[identity profile] cle-fable.livejournal.com posting in [community profile] learn_russian
I'm translating a newspaper article about a girl with cerebral palsy who has some kind of transplant or transfusion.  The term is:

подсадка тканей

which literally means tissue transplant.  This is so vague in English as to mean nothing.  I've heard of stem cell transfusions whereby stem cells are extracted from the bone marrow of a healthy person and injected into the blood of a patient.  Could this be what it means?

What I'm really asking is what images/ associations does this term evoke to native speakers?

Thanks in advance!

Date: 2008-02-12 11:03 pm (UTC)
From: [identity profile] colonelrabin.livejournal.com
Yes, it could be some stem cell therapy. But the journalist is definitively a layman, he or she did not write any medical term, so it would be really better, if you keep it so, and don't "invent entities". "Tissue transplant" is better to let stay "tissue transplant".

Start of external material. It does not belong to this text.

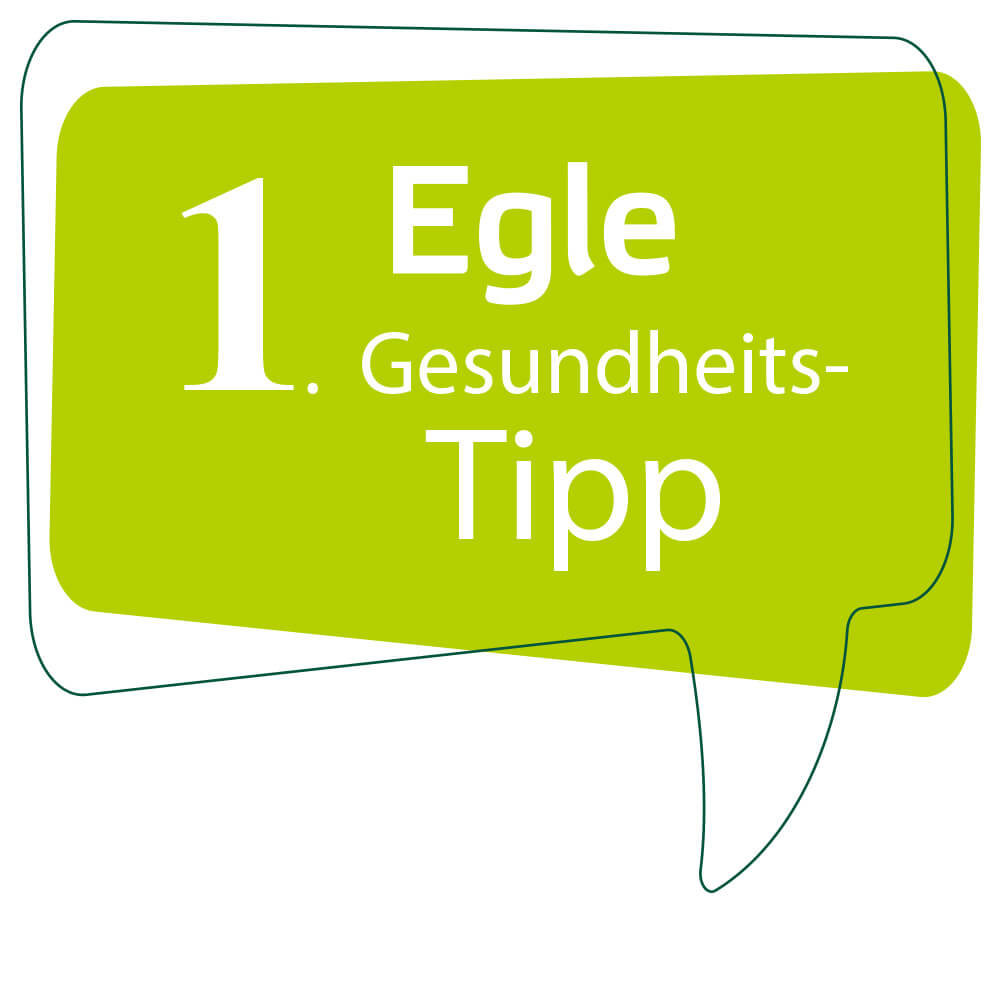Gesundheitstipps von Egle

Date: 2008-02-12 11:15 pm (UTC)
From: [identity profile] russian-bob.livejournal.com
This is more a question to Russian-speaking doctor thant to average native speaker.

From a pure linguistic approach "подсадка тканей" sounds more "tissue implant".
Where "пересадка тканей" maps directly to "tissue transplant", i.e. "пере-" == "trans-"

Date: 2008-02-13 12:31 am (UTC)
From: [identity profile] pinky-the-cow.livejournal.com
"Подсадка тканей"... I'm not a specialized bio-technologist, but I'd imagine that a certain amount of tissues has been taken from one specimen or grown artificially, and then it's transplanted to a different person. Quite possibly without medical conditions, e.g. for a test, not pursuing therapeutic goals.

Date: 2008-02-13 12:42 am (UTC)
From: [identity profile] rower.livejournal.com
just some thoughts, as i have no medical education (except what an average soviet teenager had of first aid).
1) i have heard the term "body tissue" which AFAIK means pretty much just like "some body cells". a sensible quantity, altogether. like a piece of liver or some skin, or whatever. i guess, you think it is to inspecific, like they had to tell you exactly what tissue was used.
2) when talking of transplantation in russian you usually (just nearly always) use term ПЕРЕСАДКА. i think it implies the fact that the transplant is done in whole and is left intact afterwards. ПОДСАДКА on the other hand does not feel like implying that "whole doing" thing, it feels much more like a test transplatation, just to see if the tissue is accepted.
your version about transfusion also sounds quite having some sense to me.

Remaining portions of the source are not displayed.